I have about 30 GB (gzipped fastq) of small RNA (miRNA, etc.) sequencing data that I've been asked to align to the human genome (hg38), reporting for each read every position in the genome where it matches exactly. Bowtie2 has been my go-to mapper for short reads in the past, so I put together a pipeline something like this:
zcat Sample_1.fastq.gz | \
cutadapt -a TGGAATTCTCGGGTGCCAAGG -f fastq --overlap 15 \
--trimmed-only --minimum-length 10 - | \
bowtie2 -x ~/references/hg38/hg38-bt2/hg38 -U - -q --phred33 \
--end-to-end --very-sensitive -a --score-min C,0,-1 -L 10 \
picard-tools SortSam INPUT=/dev/stdin OUTPUT=Sample_1.bam;
picard-tools BuildBamIndex INPUT=Sample_1.bam OUTPUT=Sample_1.bam.bai
However, the Bowtie2 manual carries this warning about the -a
option for reporting all alignments for each read:
Some tools are designed with this reporting mode in mind. Bowtie 2 is not! For very large genomes, this mode is very slow.

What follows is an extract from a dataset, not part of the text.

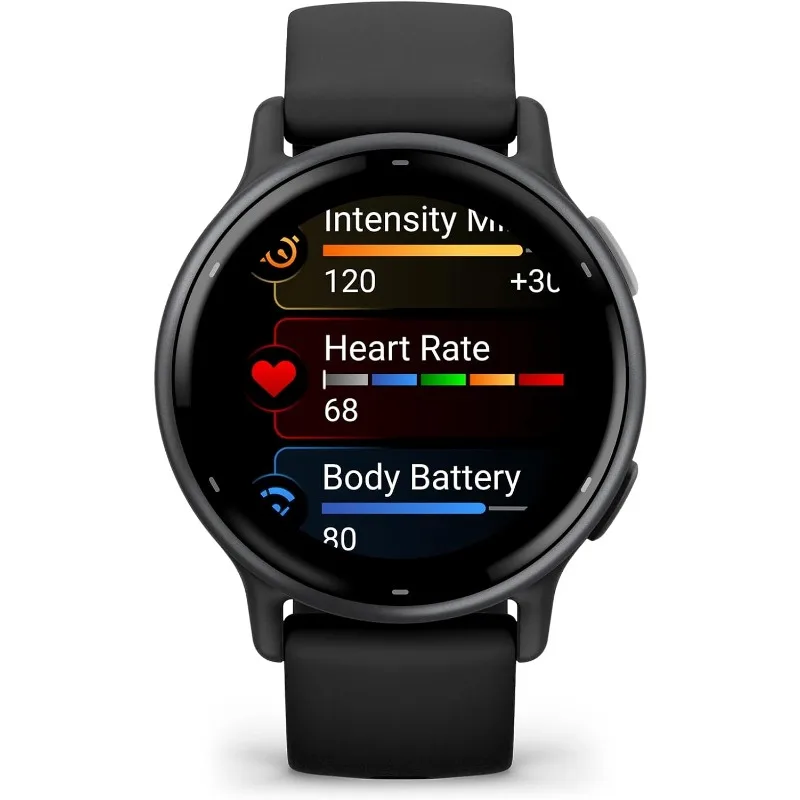 Health and Fitness GPS Smartwatch, AMOLED Display, Up to 11 Days of Battery, Black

Nevertheless, because I already had it set up, I decided to give it a try. Apparently, the statement is quite accurate, because one sample (about 300 MB before trimming) has already been running for 168 CPU-hours without finishing, which is at least an order of magnitude or two longer than I'd typically expect a 300 MB fastq file to require when looking for just one or a few alignments for each read. So, is there either another set of options for bowtie2 or, more likely, another aligner better suited for the task of quickly finding all exact matches for each read?
Try BBMap. You would want to use
ambig=all
option to get all matches. Play with other other parameters (idfilter
) for getting precise matches.This seems like a good option. Maybe you should convert this comment to an answer?